* _ASSIGNED TASK_
The pictures must be left out, while the rest of the data is copied exactly.

* _INFORMATION PROVIDED_
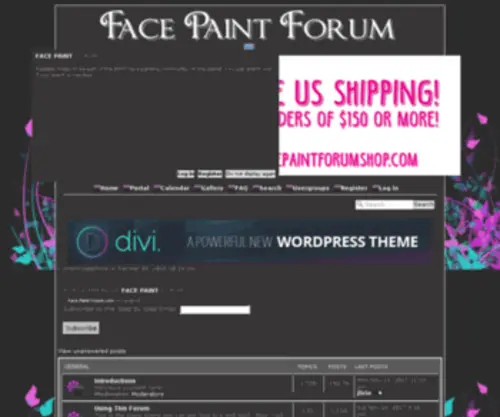 Facepaintforum.com(Face Paint Forum) Screenshot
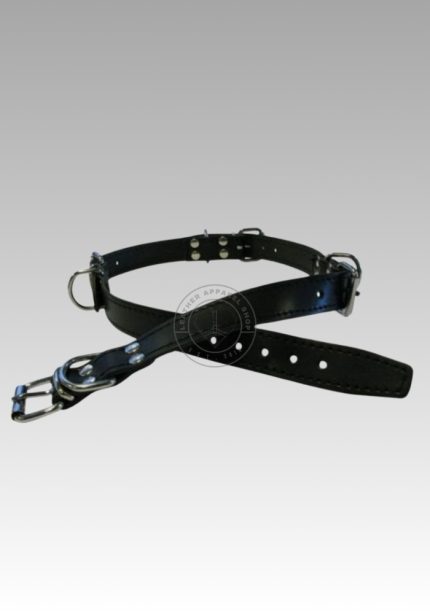 Leather Four Restraint Belt, daddy's belt, bondage belt, bondage leather belt, leather BDSM belt for sale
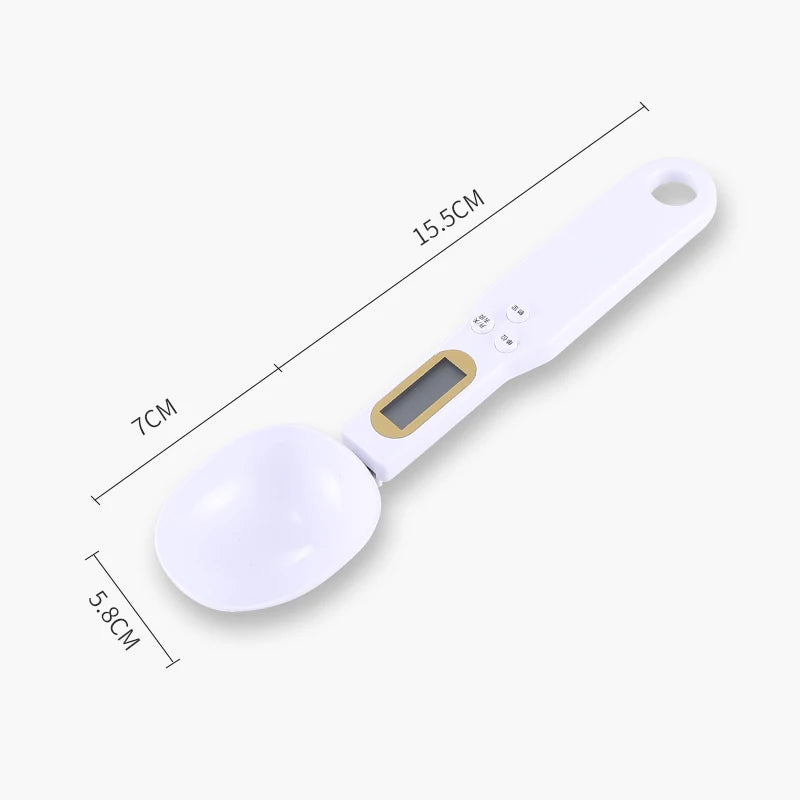 Digital LCD Kitchen Scale - Measuring Spoon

* _OUTPUT OF THE TASK_
 Facepaintforum.com(Face Paint Forum) Screenshot
 Leather Four Restraint Belt, daddy's belt, bondage belt, bondage leather belt, leather BDSM belt for sale
 Digital LCD Kitchen Scale - Measuring Spoon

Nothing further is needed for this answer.